# [SOLVED] No post problem



## dermot (Aug 22, 2007)

Hi ,
I just finished putting together a new pc , my first build .

The specs are : Antec 900 case
Asus P5WD2 premium motherboard
Antec Neo HE 430 watt
3.2 Ghz Pentium D 
Arctic cooler 7 pro
2 x 1Gb Kingston ram 667mhz ddr2 
160 Gb Samsung HD
Asus EN 7300 GS 256ddr2

My problem is when i start it up , it wont post. I'm using a dell crt monitor and plain ps/2 keyboard.

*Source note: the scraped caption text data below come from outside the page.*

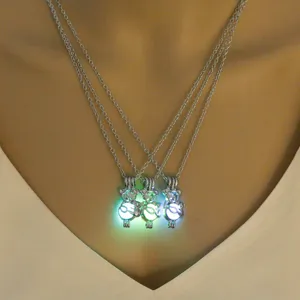 Leuchtende hohle Bären Anhänger Halskette für Damen, stilvolle silberne Kette Schmuck.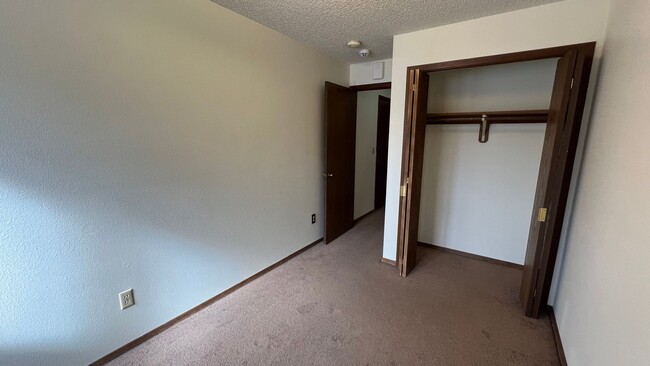 Building Photo - Cozy round floor 1 bedroom with private wa...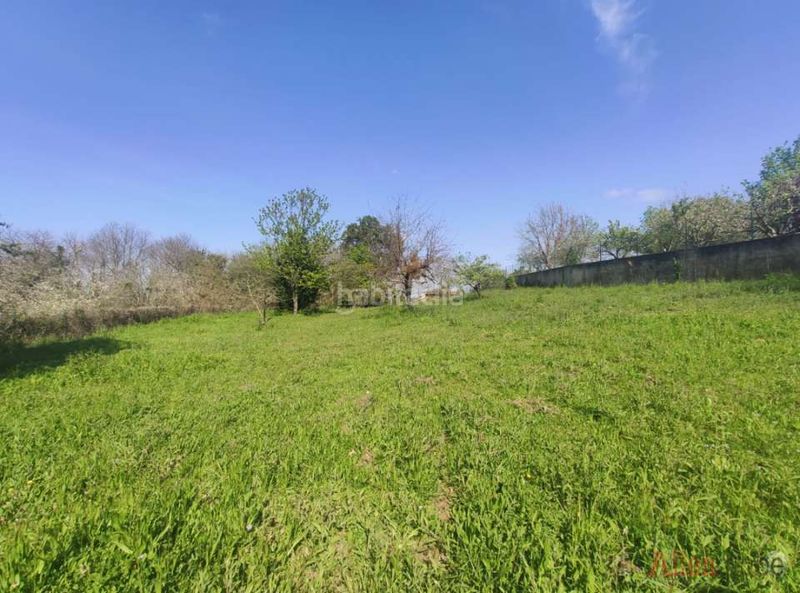 Foto 49f80949-b5f7-4392-b589-f0bb834f105f. Terreny residencial a Viella-Granda-Meres Siero
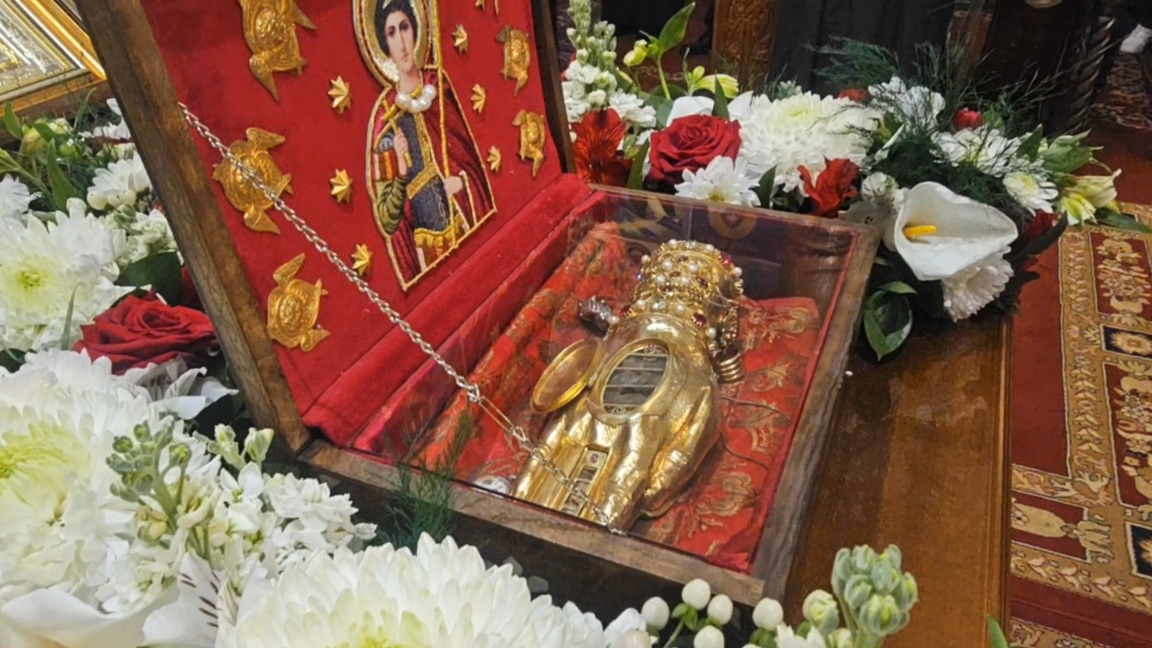 Сливен посрещна честната ръка на Свети Георги Победоносец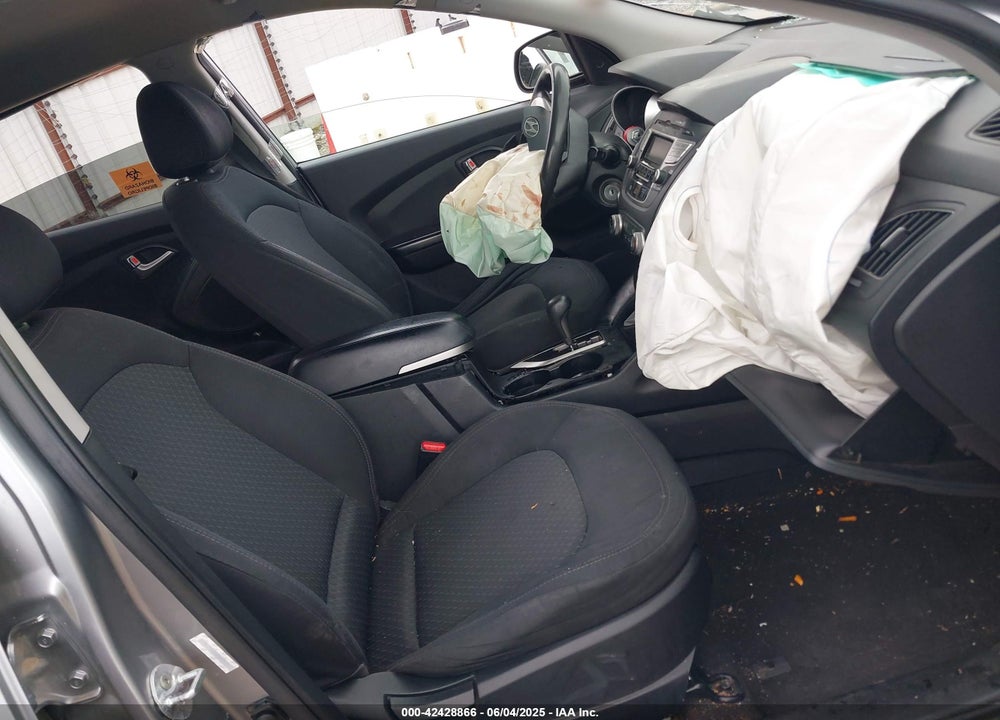 2013 HYUNDAI TUCSON VIN: KM8JT3AB6DU775197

The case fans and lights start as well as the cpu fan and dvd drive , but blank monitor (on hibernate ) and no lights or sign of life from the keyboard. :4-dontkno
I've had the cpu tested working this morning on another pc and the mobo appears ok too .
Any ideas or suggestions ?


----------



## dermot (Aug 22, 2007)

*Re: No post problem*

If my harddrive were faulty , would this or could this stop post ?
Its the only thing i can think of .


----------



## Deleted090308 (Jan 25, 2007)

*Re: No post problem*

Hi,
It could be a number of things, but try reading this first: http://www.techsupportforum.com/f255/how-to-bench-test-your-system-171424.html


----------



## dermot (Aug 22, 2007)

*Re: No post problem*

Yes , tried that and discovered i did'nt have the ram seated properly - ok now.

thanks


----------



## Deleted090308 (Jan 25, 2007)

*Re: No post problem*

I'm glad you got it fixed. :smile:


----------